The office contributes modeling and assimilation expertise to flight missions including Aura (satellite), Suomi NPP, OCO-2, CALIPSO and ICESat-2, and to field campaigns like SEAC^4RS, ARCTAS and DISCOVER-AQ. It supports sustained programs such as MERRA reanalysis, GMAO-linked operational runs for NCEP and collaborations on initiatives with European Centre for Medium-Range Weather Forecasts, Copernicus Programme teams and World Climate Research Programme panels. The office also engages with projects at NASA Jet Propulsion Laboratory, NASA Langley Research Center and international consortia including GEOS-Chem and SPARC.
Key systems developed include coupled frameworks used for atmospheric chemistry, radiation and dynamics employed by MERRA-2 and successor systems, integrating modules from GFDL, NCAR Community Earth System Model, WRF and components used at UK Met Office and ECMWF. Tools for model evaluation and visualization are shared with PANGAEA (data repository), NCAR Command Language, Panoply and community libraries managed by NASA Earth Exchange and Open Science Grid. The office maintains software ecosystems compatible with languages and platforms used at Massachusetts Institute of Technology, Stanford University and Princeton University research groups.
The office advances assimilation methods including ensemble Kalman filter variants, four-dimensional variational assimilation and hybrid ensemble–variational approaches that mirror techniques adopted by ECMWF, NCEP, UK Met Office and European Centre for Medium-Range Weather Forecasts. Observing system experiments integrate data from instruments aboard MODIS, OMI, MISR, GRACE and AIRS as well as in situ networks operated by Global Ocean Observing System, Argo floats and Global Atmosphere Watch.

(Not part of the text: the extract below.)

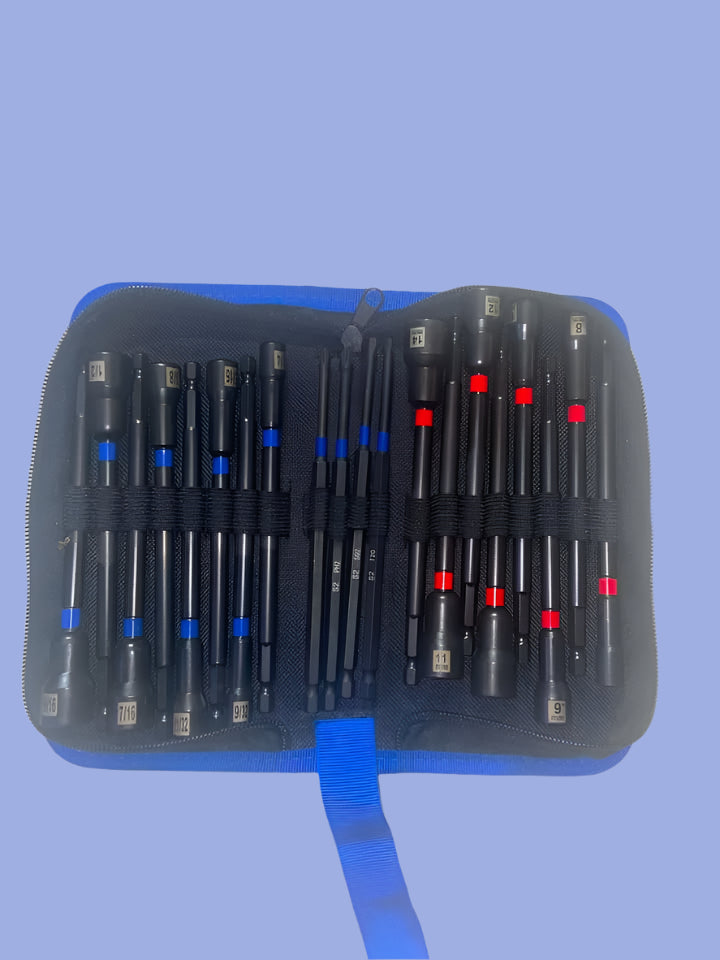 20 piece 6" magnetic, Impact Nut Driver Set English/Metric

Methodological development draws on research from University Corporation for Atmospheric Research, Scripps Institution of Oceanography and Princeton University.

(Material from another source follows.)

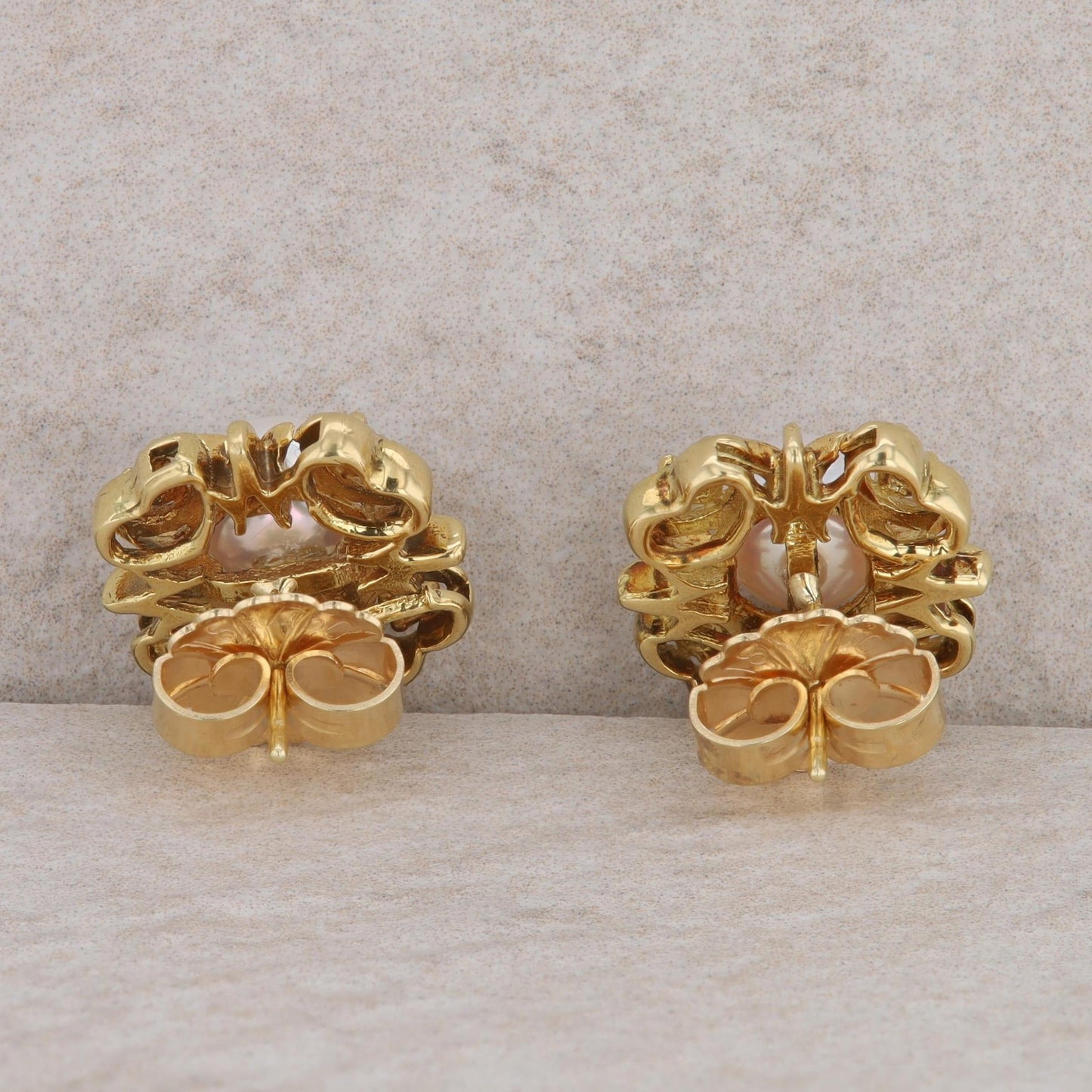 18k Yellow Gold Cultured Pearl and Diamond Clover Stud Earrings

Partnerships span international agencies such as European Space Agency, Japan Aerospace Exploration Agency and Canadian Space Agency as well as domestic agencies including NOAA, Department of Energy laboratories and academic partners like Massachusetts Institute of Technology, Columbia University and University of Washington. The office participates in working groups with World Meteorological Organization, Intergovernmental Panel on Climate Change authors, and consortia such as GEOSS and Working Group on Numerical Experimentation. It also coordinates with applied programs at US Army Corps of Engineers, Federal Aviation Administration research offices and regional climate centers.
Outputs support climate assessment reports produced by Intergovernmental Panel on Climate Change, inform air quality policy discussions at United Nations Environment Programme and aid disaster response coordinated with Federal Emergency Management Agency and National Weather Service. Reanalysis datasets and model products underpin research at institutions including Harvard University, Massachusetts Institute of Technology, Princeton University and University of California, Berkeley, and are used in sectoral applications by NASA Applied Sciences Program, NOAA National Marine Fisheries Service and international partners such as European Commission agencies.